Autoimmune Disease Research at the Johns Hopkins Institute for Basic Biomedical Sciences

immunological synapse

Autoimmune disease results from an overactive immune system that attacks its own tissues instead of fighting off pathogens. Researchers at the Institute for Basic Biomedical Sciences (IBBS) are investigating the cause and exploring new treatments for autoimmune diseases.

Autoimmunity causes more than 80 different diseases, their symptoms varying widely depending on the tissues affected. According to the National Institutes of Health, approximately five to eight percent of the U.S. population, the majority being women, suffers from an autoimmune disorder. Autoimmune diseases include disorders such as: 

  • Type 1 diabetes in which the immune system damages the insulin-producing cells in the pancreas
  • Rheumatoid arthritis where the immune system harms the joints
  • Hashimoto’s thyroiditis which impairs the thyroid gland and, as a result, metabolism.

In serious cases, global immune suppressing drugs are used to restrain the body’s immune response, preventing it from doing further harm. Unfortunately, immunosuppressants render people more susceptible to infections.

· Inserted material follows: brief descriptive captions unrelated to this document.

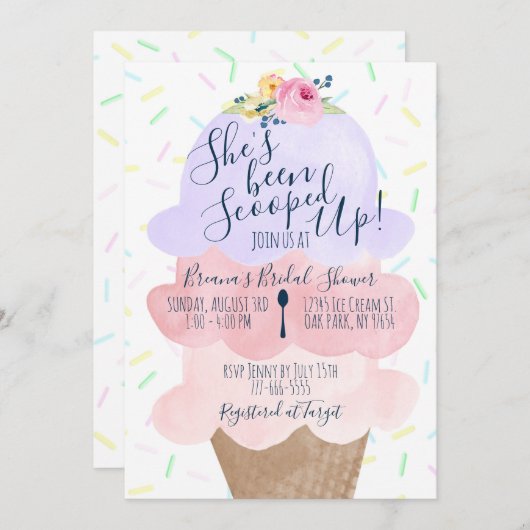 Ze is opgeslokt met ijscream-Vrijgezellenfeest Kaart (Voorkant / Achterkant)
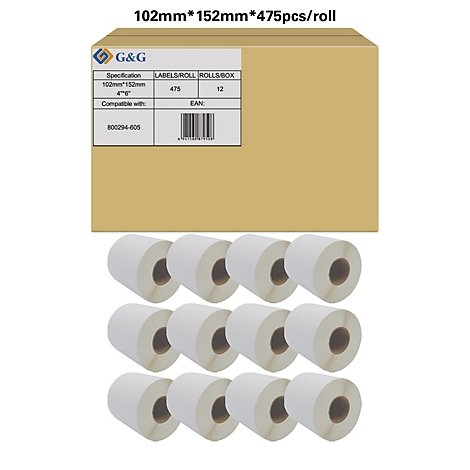 Boîte en carton avec des rouleaux d'étiquettes, dont 12 rouleaux. La boîte contient des informations sur la taille et la quantité des étiquettes.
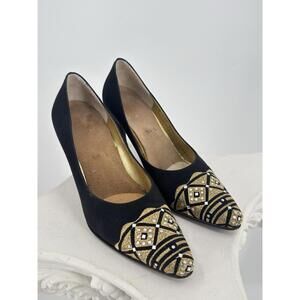St. John Vintage Black Gold Rhinestone Toe High Heels Sz 5.5 (Includes Box)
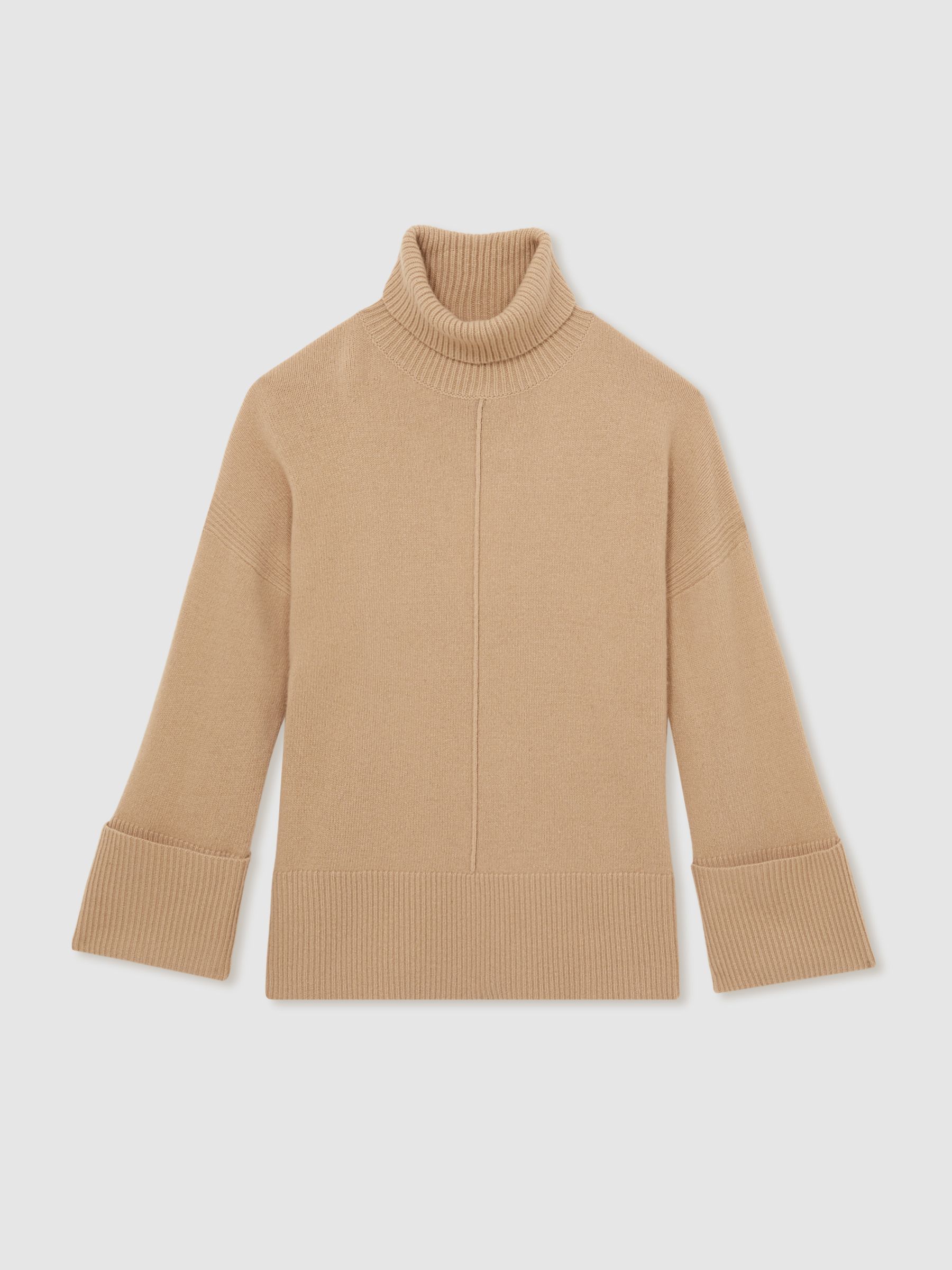 Casual Wool-Cashmere Roll Neck Jumper in Camel - Image 2 of 6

IBBS researchers are taking measures to understand, on the molecular level, what goes wrong when the body’s defense system battles that which it is supposed to protect.

Joel Pomerantz of Biological Chemistry studies how T cells and B cells, another type of white blood cell, respond to infections by making the decision to grow, divide, recruit other immune cells to the fight or commit suicide in certain instances, such as when the cells are no longer needed after a subdued infection or when the cells mistakenly react to the body’s own cells. By understanding the intricacies that occur in the cellular machinery of white blood cells during this decision-making process, Pomerantz’s lab hopes to further understand what goes wrong in autoimmunity and certain types of cancers.